You can either choose to convert the continuous variables into discrete
variable and perform the analysis (produce the Bayesian network), or you can
use a mixed category of variables (continuous and categorical) for your
analysis. This is your choice, and it should be explained clearly in the report.
·
Perform an exploratory analysis
on the variables you have selected. Provide some relevant visualizations, such
as histogram plots, and summary statistics for the variables considered
(relevant results may be presented in a table from), and briefly describe them.
·
Perform appropriate Bayesian
structure learning and parameter learning to produce the Bayesian networks
using your data. You may choose to include black
lists (i.e., using prior knowledge to guide the learning by excluding
certain edges) in your structure learning process, if needed. Experiment
with at least 2 or more methods and
compare the Bayesian networks produced. You may choose to use the latest
algorithms published in academic journal/conference papers recently on Bayesian
structure learning in your analysis. Note that, including more on the
recent/latest algorithms will increase the chances of scoring more marks for
this task. Implement the relevant codes in R and produce the Bayesian network.

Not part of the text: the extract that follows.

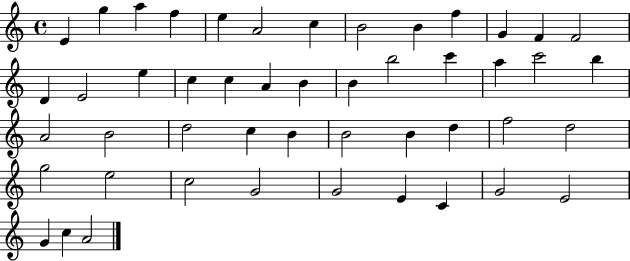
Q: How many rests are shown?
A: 0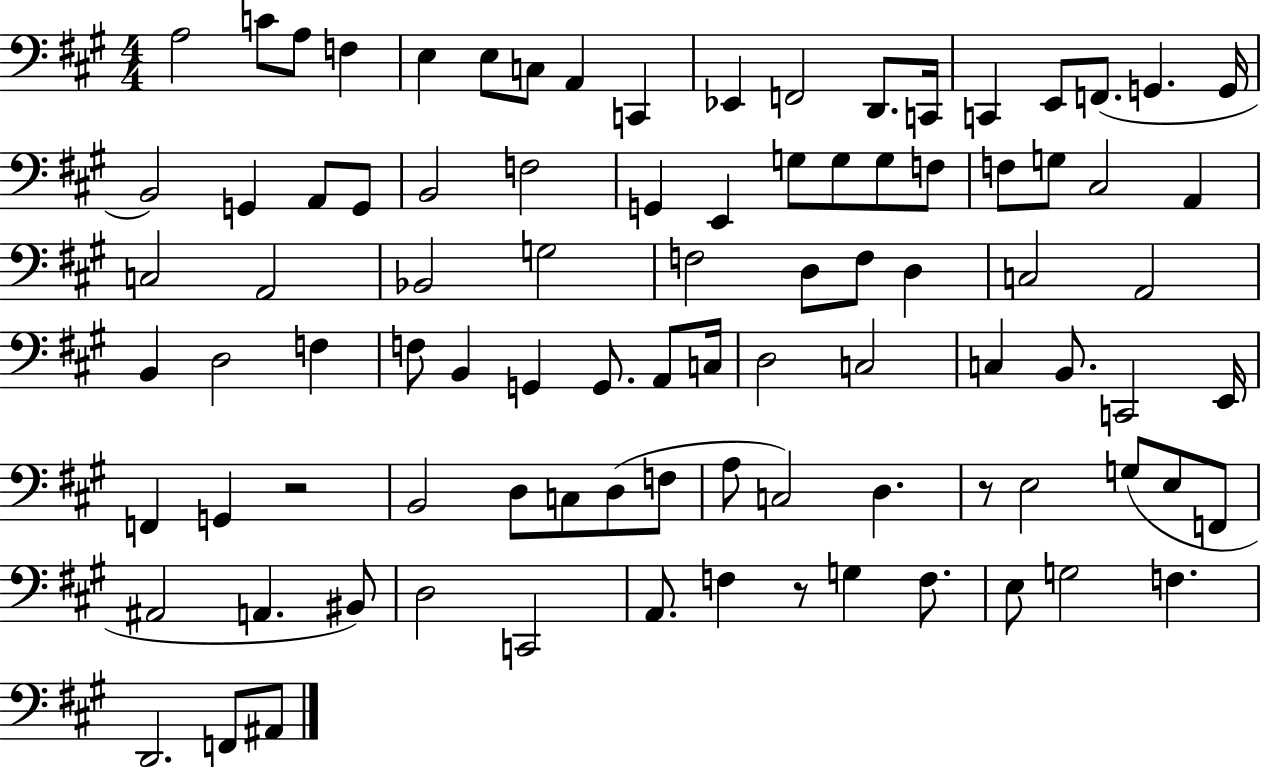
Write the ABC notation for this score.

You may choose to use any existing code and modify it to suit your needs, but
proper referencing and comments should be included, along with clearly
explaining how it is used, and
where the changes are made. The code
file should be uploaded along with the submission. The report should have clear
explanations (technical details) for the algorithms used.
·
Report should explain the methods used to produce the Bayesian
network, the
settings/parameters/metrics used, if any, the results
obtained, including the Bayesian network structure, and a clear discussion/comments
on the obtained network. The report should have enough details so that the
results can be reproduced exactly based on the reported details.
·
Report for this question, Q5 (b), should
not exceed a maximum of 4 pages,
including, figures, tables and references. Note that the report should be
clearly and neatly written and presented with proper subheadings with details,
including appropriate tables, diagrams, plots, results, etc. The paper above is
a good example for how to present the details clearly and professionally.

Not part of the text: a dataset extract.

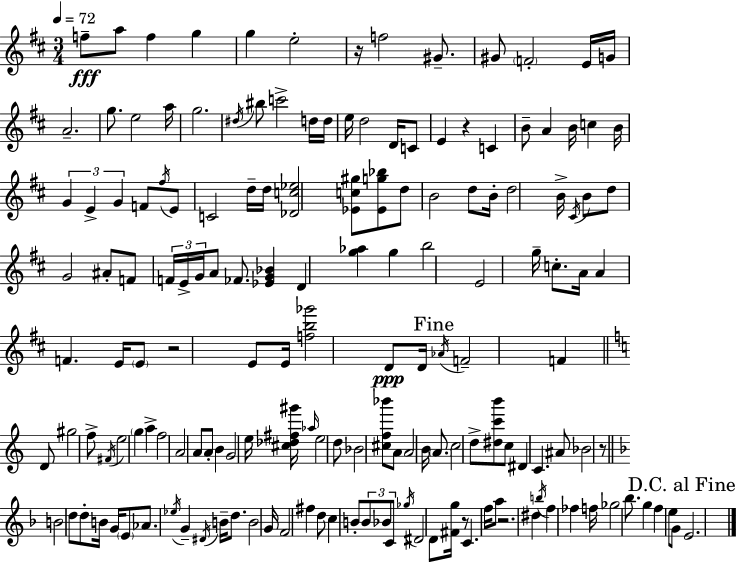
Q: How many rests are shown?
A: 6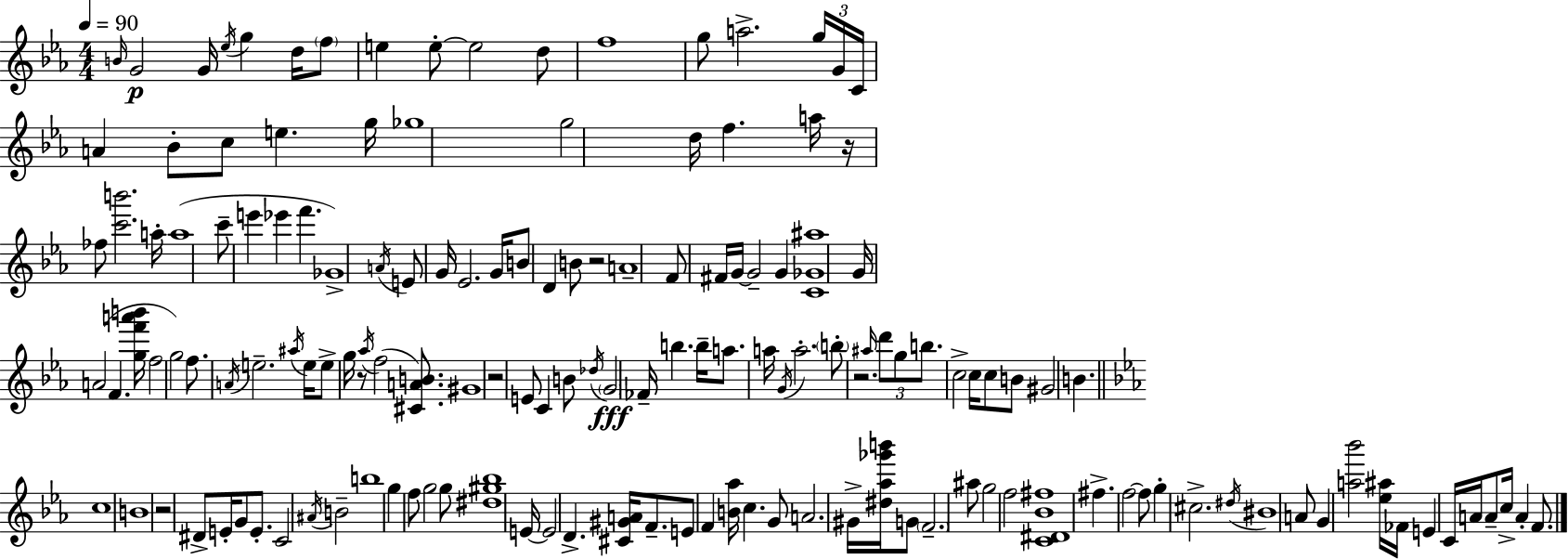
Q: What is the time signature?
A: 4/4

You are free to choose a suitable time period for your
analysis, depending on the data availability, for example three years.

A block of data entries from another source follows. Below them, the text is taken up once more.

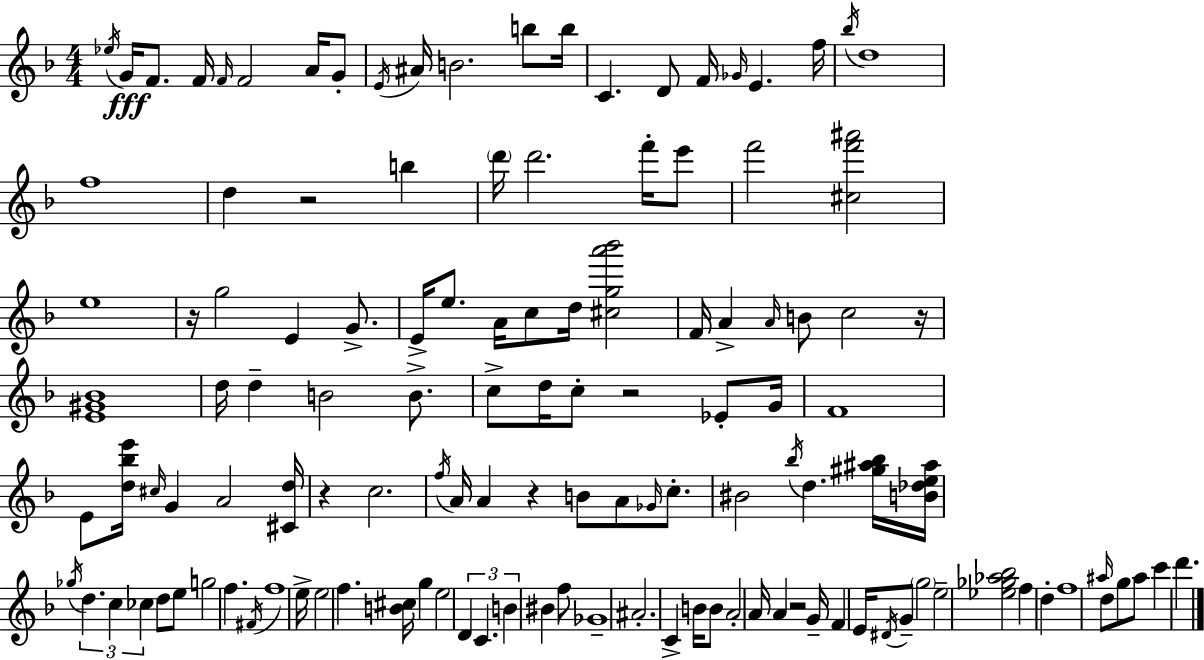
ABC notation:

X:1
T:Untitled
M:4/4
L:1/4
K:Dm
_e/4 G/4 F/2 F/4 F/4 F2 A/4 G/2 E/4 ^A/4 B2 b/2 b/4 C D/2 F/4 _G/4 E f/4 _b/4 d4 f4 d z2 b d'/4 d'2 f'/4 e'/2 f'2 [^cf'^a']2 e4 z/4 g2 E G/2 E/4 e/2 A/4 c/2 d/4 [^cga'_b']2 F/4 A A/4 B/2 c2 z/4 [E^G_B]4 d/4 d B2 B/2 c/2 d/4 c/2 z2 _E/2 G/4 F4 E/2 [d_be']/4 ^c/4 G A2 [^Cd]/4 z c2 f/4 A/4 A z B/2 A/2 _G/4 c/2 ^B2 _b/4 d [^g^a_b]/4 [B_de^a]/4 _g/4 d c _c d/2 e/2 g2 f ^F/4 f4 e/4 e2 f [B^c]/4 g e2 D C B ^B f/2 _G4 ^A2 C B/4 B/2 A2 A/4 A z2 G/4 F E/4 ^D/4 G/2 g2 e2 [_e_g_a_b]2 f d f4 ^a/4 d/2 g/2 ^a/2 c' d'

The following links might be helpful to find the
relevant data (do your own search, and you are free choose other relevant sites
as appropriate for your data and analysis; remember to explain them in the
report with references):
Pollution data:
·
https://aqicn.org/map/australia/
·
Choose the number of stations wisely, depending on the region you
consider for analysis.
Weather Data:
·
http://www.bom.gov.au/climate/data/
Health
date:
·
Underlying causes of death (Australia) https://www.abs.gov.au/statistics/health/causes-death/causes-death- australia/2019/3303_1%20Underlying%20causes%20of%20death%20%28A
ustralia%29.xlsx
You can consider the ICD10 codes (International
Classification for Diseases codes) for cardiovascular-pulmonary diseases (CVD),
which is “J00-J99”. This code
accounts for Diseases of respiratory
system. For example, in Table 1.2 (tab) of the Excel sheet (from the above
link), you can see yearly data (see line/row number 786) for Diseases of respiratory system.
NOTE: Your report for all
of the above questions must be written on your own words. Copying directly from
the paper/reference text or if any sign of collusion is detected, zero marks
will be given and reported for Plagiarism and collusion processing.